[[ Dataset excerpts open ]]

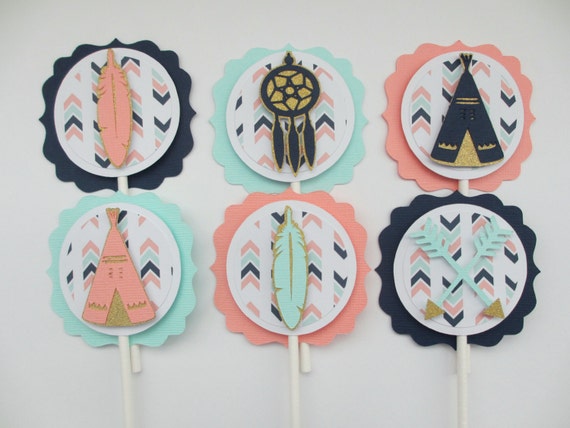 Boho Chic Tribal Cupcake Cake Toppers Birthday Party Shower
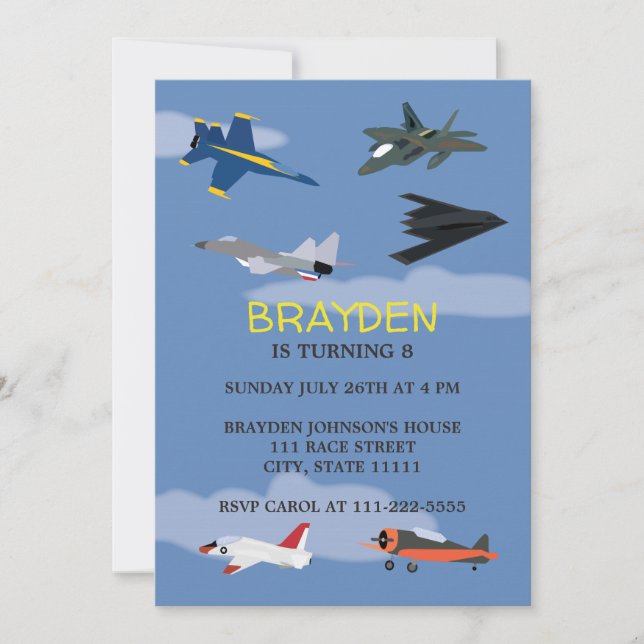 Children's Aeroplane Birthday Invitation (Front)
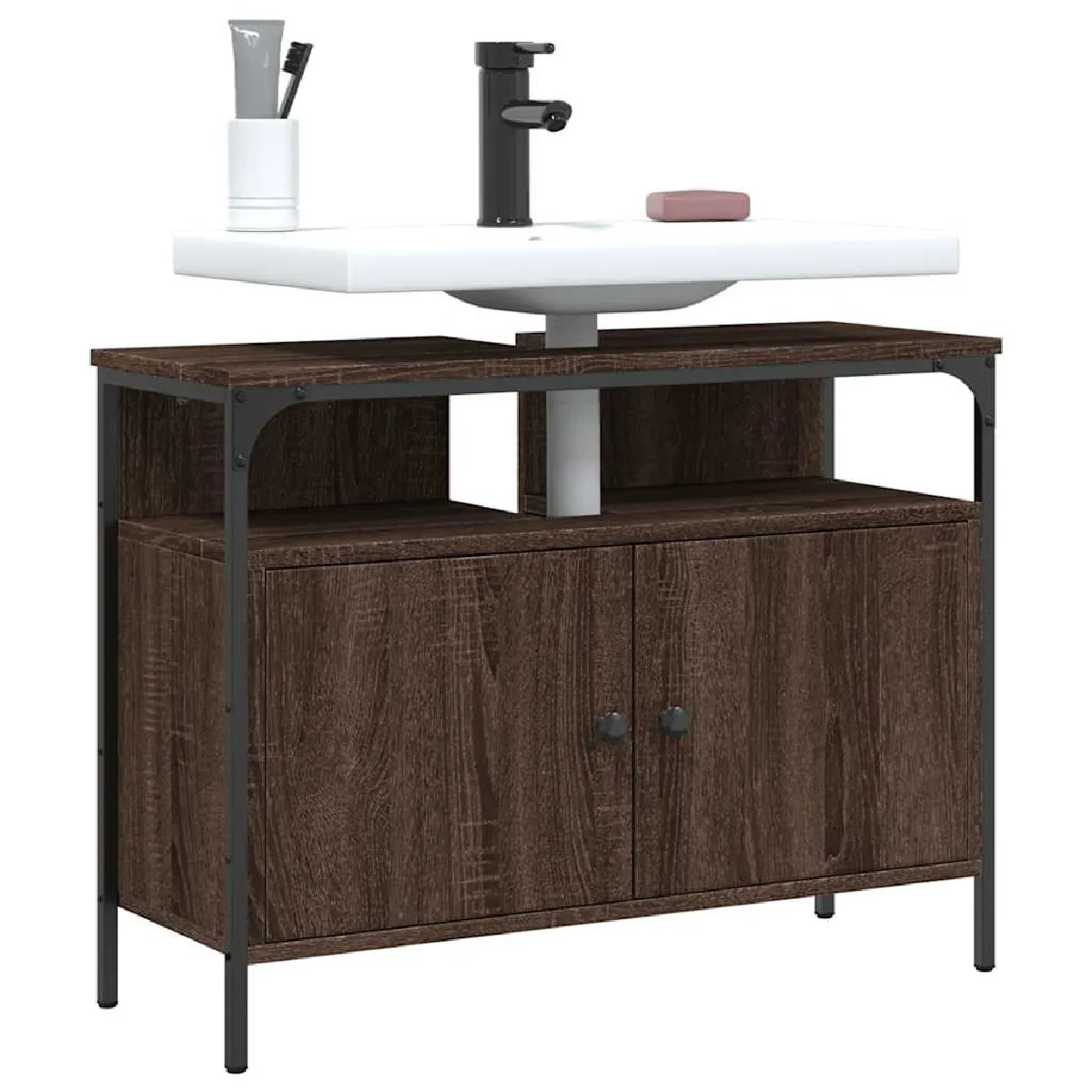 VIDAXL Armoire lavabo chêne marron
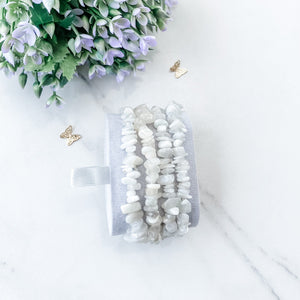 s1026 Moonstone white crystal chip healing stretch bracelet australia gemrox sydney white moonstone crystal bracelet 1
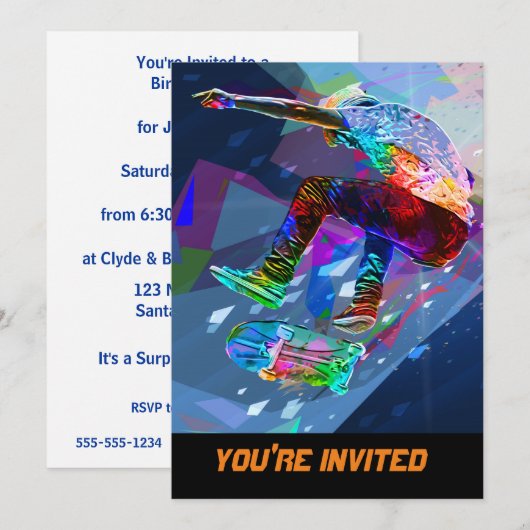 Super Crayon Colored Silhouette Skateboarder Kaart (Voorkant / Achterkant)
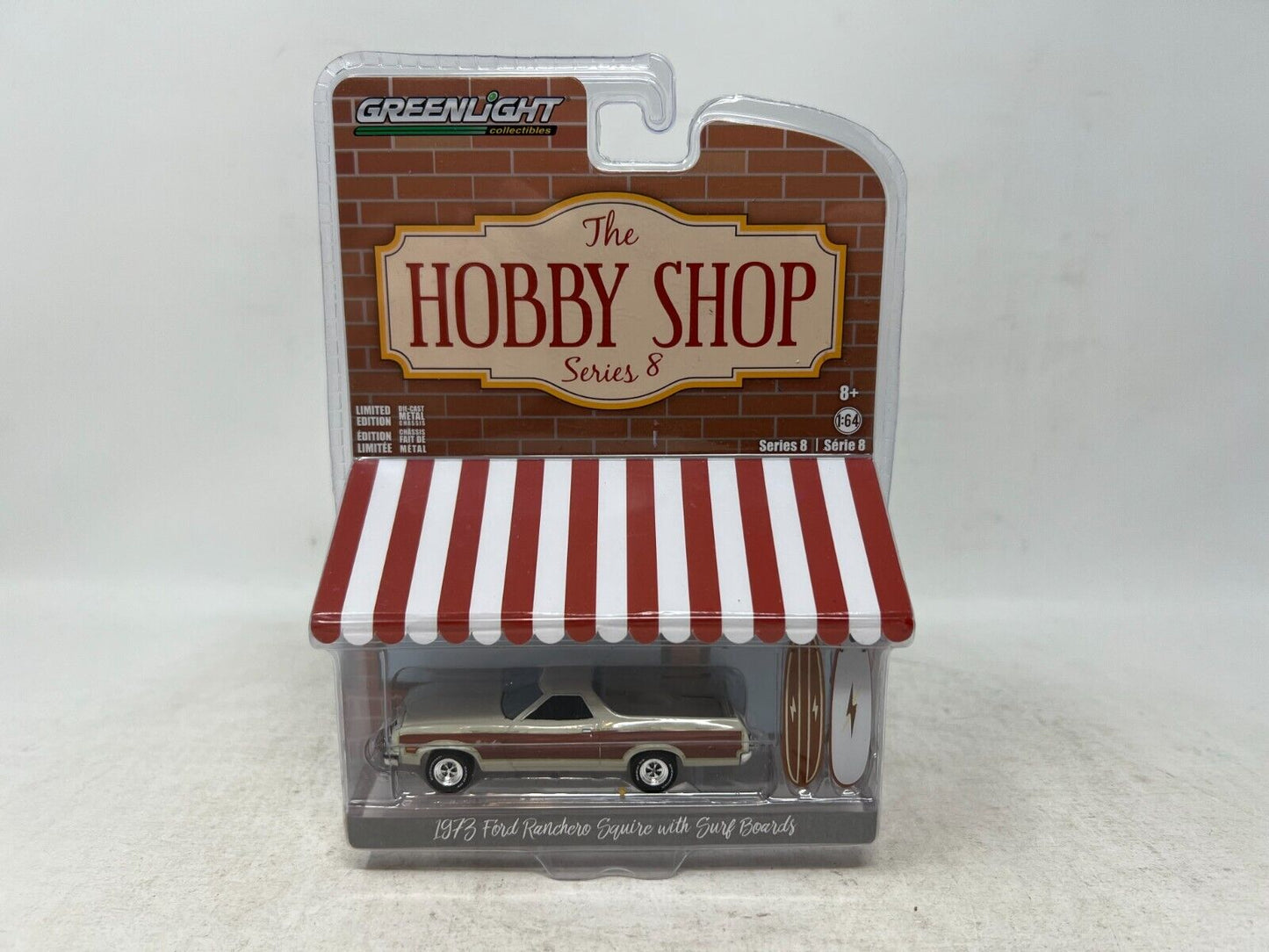 Greenlight The Hobby Shop 1973 Ford Ranchero Squire w/ Surf Boards 1:64 Diecast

[[ Dataset excerpts closed ]]

Only the lines from the one with "s1026 Moonstone white" through the final line of the entries above should be transcribed, exactly and without pictures.

 s1026 Moonstone white crystal chip healing stretch bracelet australia gemrox sydney white moonstone crystal bracelet 1
 Super Crayon Colored Silhouette Skateboarder Kaart (Voorkant / Achterkant)
 Greenlight The Hobby Shop 1973 Ford Ranchero Squire w/ Surf Boards 1:64 Diecast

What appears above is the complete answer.